Insulin requiring diabetes patients (n = 54) attending the 2012 world diabetes day celebration in a Nigerian community were surveyed using a two part questionnaire. Section A elicited information on their demographics characteristics and participation in update courses, and exercise, while section B assessed knowledge of insulin use using the Michigan Diabetes Research and Training Centre's Brief Diabetes Knowledge Test. All participants who had a good grasp of English language or who could understand the contents of the questionnaire when it was explained to them, and were willing to participate in the study were assessed. Descriptive statistics of percentages was computed for the sociodemographic variables, previous education, satisfaction with education, involvement in regular exercise, knowledge of benefit of exercise and correct response to each question in section B. Analysis of variance (ANOVA) and independent t-test was used to determine the influence of sociodemographic variables on insulin use knowledge.
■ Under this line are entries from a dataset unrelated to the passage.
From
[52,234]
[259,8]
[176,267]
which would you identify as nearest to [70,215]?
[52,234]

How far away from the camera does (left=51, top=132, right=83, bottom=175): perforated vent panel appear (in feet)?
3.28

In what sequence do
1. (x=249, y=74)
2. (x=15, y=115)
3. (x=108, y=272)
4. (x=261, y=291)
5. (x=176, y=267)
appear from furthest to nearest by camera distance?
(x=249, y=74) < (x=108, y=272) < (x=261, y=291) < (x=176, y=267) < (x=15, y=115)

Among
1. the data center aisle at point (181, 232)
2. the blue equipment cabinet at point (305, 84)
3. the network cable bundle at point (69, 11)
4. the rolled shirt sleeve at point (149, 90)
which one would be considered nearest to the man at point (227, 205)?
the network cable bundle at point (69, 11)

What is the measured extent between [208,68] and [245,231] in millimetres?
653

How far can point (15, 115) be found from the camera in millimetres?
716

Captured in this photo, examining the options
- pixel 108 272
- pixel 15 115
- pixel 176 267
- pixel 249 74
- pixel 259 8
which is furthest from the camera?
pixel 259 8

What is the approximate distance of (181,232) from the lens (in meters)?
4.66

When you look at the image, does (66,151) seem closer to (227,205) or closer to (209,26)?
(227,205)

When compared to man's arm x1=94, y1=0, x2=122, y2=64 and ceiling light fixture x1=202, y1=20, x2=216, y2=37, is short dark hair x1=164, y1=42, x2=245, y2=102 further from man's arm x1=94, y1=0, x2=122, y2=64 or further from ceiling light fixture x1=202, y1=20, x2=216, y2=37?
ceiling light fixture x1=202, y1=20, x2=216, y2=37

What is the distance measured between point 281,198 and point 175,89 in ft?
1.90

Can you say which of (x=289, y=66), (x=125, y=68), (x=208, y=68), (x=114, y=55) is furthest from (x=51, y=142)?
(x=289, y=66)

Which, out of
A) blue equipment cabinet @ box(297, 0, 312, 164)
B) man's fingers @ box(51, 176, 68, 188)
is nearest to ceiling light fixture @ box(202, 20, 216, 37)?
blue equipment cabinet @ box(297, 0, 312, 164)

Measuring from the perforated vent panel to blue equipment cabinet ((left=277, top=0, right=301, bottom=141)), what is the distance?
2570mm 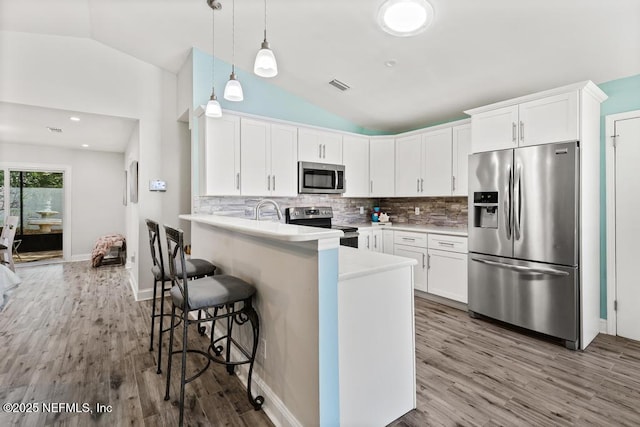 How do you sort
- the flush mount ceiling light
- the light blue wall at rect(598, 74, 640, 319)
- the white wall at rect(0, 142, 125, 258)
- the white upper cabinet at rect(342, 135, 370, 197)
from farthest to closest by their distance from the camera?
1. the white wall at rect(0, 142, 125, 258)
2. the white upper cabinet at rect(342, 135, 370, 197)
3. the light blue wall at rect(598, 74, 640, 319)
4. the flush mount ceiling light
Knowledge of insulin use is poor among insulin requiring patients with diabetes, with majority not conversant with such terms as ketoacidosis, insulin reaction and low blood sugar. Furthermore, they did not know how to modify their insulin dosage in relation to diet, exercise and infections (e.g. flu). Better knowledge of insulin use was associated with age, employment status, level of education attained, how frequent one reads/attends update courses and satisfaction with education received.
Poor knowledge of the causes and prevention of the ketoacidosis, insulin reaction and hypoglycemia increases their risk of developing them, which will invariably lead to poor adherence to insulin therapy. Therefore this study suggests a methodical, continuous and up-to-date tutelage if proper self management in terms of good glycemic control is to be achieved.
强化胰岛素治疗对于需要胰岛素治疗的糖尿病患者维持严格的血糖控制至关重要。然而,鉴于胰岛素使用的复杂性以及考虑到不当使用可能带来的潜在危险,这带来了一项挑战。对胰岛素使用知识的不足可能导致可预防的并发症、不良的患者结局、对治疗的依从性差以及血糖控制不佳。
在尼日利亚一个社区参加2012年世界糖尿病日庆祝活动的需要胰岛素治疗的糖尿病患者(n = 54)使用两部分问卷进行了调查。A部分获取了他们的人口统计学特征以及参加更新课程和锻炼的信息,而B部分使用密歇根糖尿病研究与培训中心的简短糖尿病知识测试评估胰岛素使用知识。所有能很好掌握英语或在向他们解释问卷内容时能理解问卷内容且愿意参与研究的参与者都进行了评估。计算了社会人口统计学变量、既往教育情况、对教育的满意度、参与定期锻炼情况、对锻炼益处的了解以及B部分每个问题的正确回答的百分比描述性统计数据。使用方差分析(ANOVA)和独立t检验来确定社会人口统计学变量对胰岛素使用知识的影响。
需要胰岛素治疗的糖尿病患者对胰岛素使用的知识较差,大多数人不熟悉酮症酸中毒、胰岛素反应和低血糖等术语。此外,他们不知道如何根据饮食、运动和感染(如流感)来调整胰岛素剂量。对胰岛素使用有更好的了解与年龄、就业状况、所达到的教育水平、阅读/参加更新课程的频率以及对所接受教育的满意度有关。
对酮症酸中毒、胰岛素反应和低血糖的病因及预防知识了解不足会增加其发生的风险,这必然会导致对胰岛素治疗的依从性差。因此,本研究表明,如果要在良好的血糖控制方面实现适当的自我管理,就需要有条理、持续且最新的指导。